Я опасался автомобильных проездов больше, чем пешего перехода самой «линии»; за последнее время я приобрел достаточный опыт, чтобы полагать, что тот или другой из наших шоферов охотно выдаст немцам своих пассажиров, если увидит в этом выгоду. Однако все обошлось благополучно, и я прибыл в Париж. Было уже темно, и я переночевал у тети Раисы, сестры отца. (Ее муж и двое детей погибли в нацистских лагерях; уцелевшая старшая дочь сошла с ума после войны. Точно так же погибли жена и одна из дочерей дяди Давида.)
На следующее утро я отправился в Круаси на электричке с вокзала Сен-Лазар. Париж, как и следовало ожидать, кишел немецкими солдатами и машинами. Более всего я был поражен темнотой в десять часов утра — Париж жил по часовому поясу Берлина.

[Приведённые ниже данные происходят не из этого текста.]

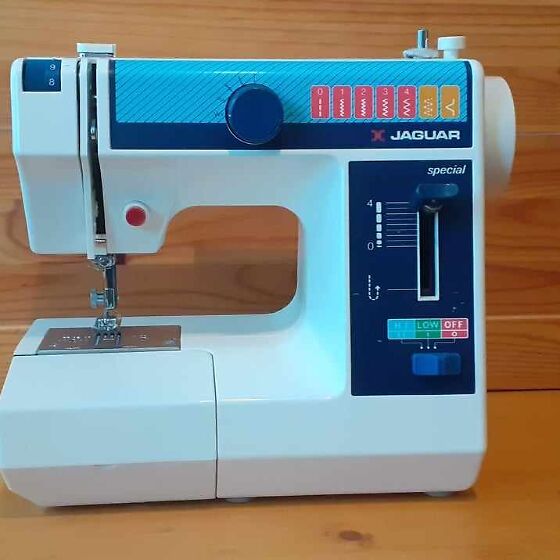 Sewing machine Швейная машина Mini Jaguar 281 test намотка нитки на шпульку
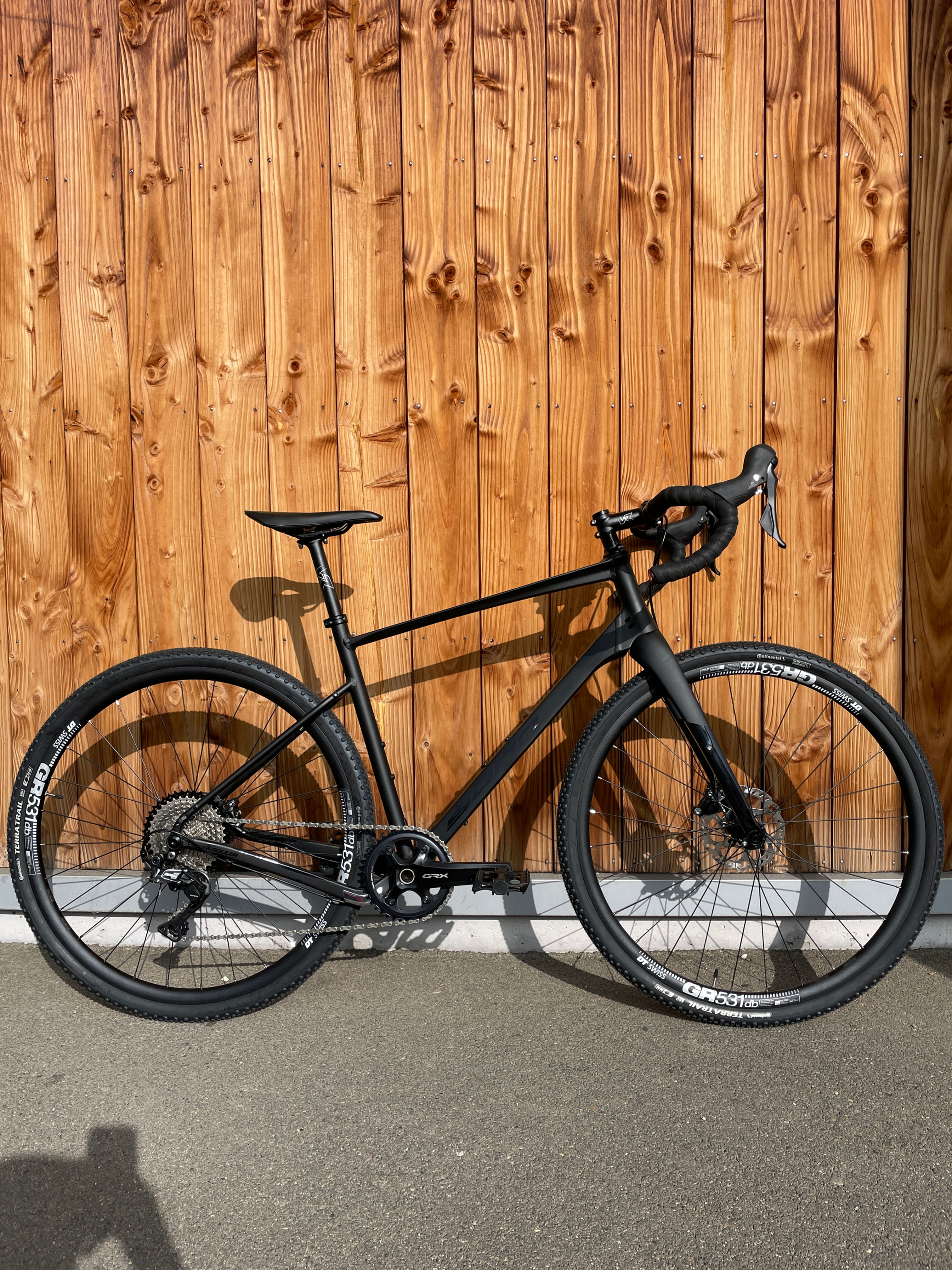 GRAVEL SUNN venture finest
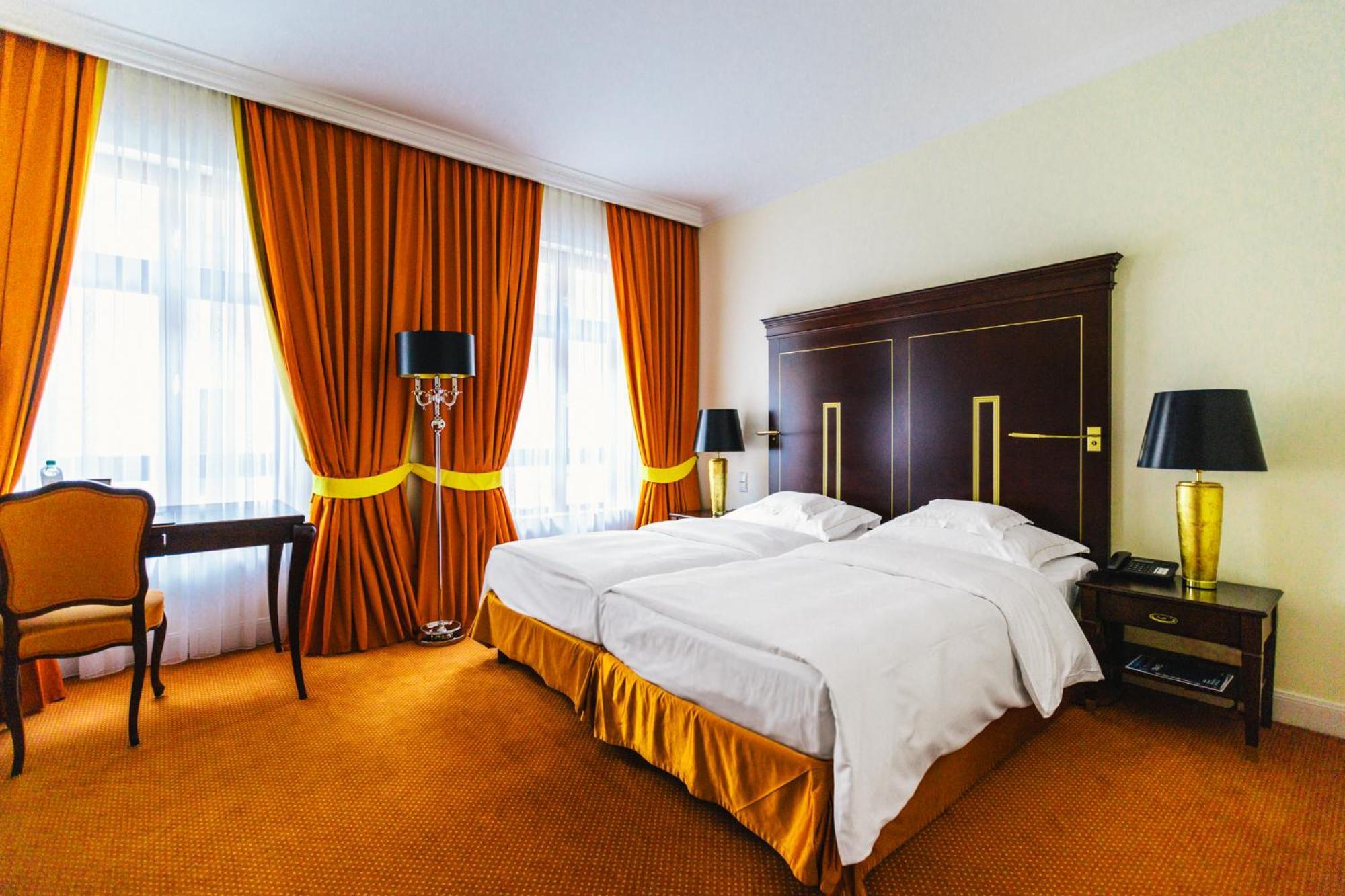 Relais&châteaux Bülow Palais Hotel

Мои родители были одновременно удивлены и рады видеть меня. Но мама страшно беспокоилась за меня и, накормив, хотела тут же отослать обратно. Отец, вечный оптимист, поднял ее на смех и уговорил приютить меня на три дня. Отец был «старым волком», и ограничения и лишения, которые нагрянули на парижан с осени 1940 года, не застали его врасплох. Когда он приехал к нам в 1936 году, мы посмеивались над его пристрастием ко всякому старью; он никогда ничего не выбрасывал: веревки, бутылки, коробки от консервов, куски картона и Бог зкает, что еще, собирали и складывали на «черный день». Когда все исчезло сразу, эти нелепые запасы стали предметами первой необходимости. Излишне говорить, что именно по его настоянию родители заблаговременно заготовили запасы провизии: макарон, постного масла, сардин, сгущенного молока, овсяной крупы и т. д. и жили почти полностью своим «натуральным хозяйством». Еще в начале войны, когда угля и нефти было сколько угодно, отец закупил запас дров, которыми заложил наш гараж (машины у нас никогда не было), и, кроме того, возвращаясь из прогулок в лес, всегда притаскивал с собой охапку хвороста. В гостиной, где они теперь спали, он поставил «буржуйку» и на стыках трубы, которая проходила через всю комнату, привесил консервные банки, куда капала смола; он воссоздал атмосферу, в которой жил и выжил в последние годы в России.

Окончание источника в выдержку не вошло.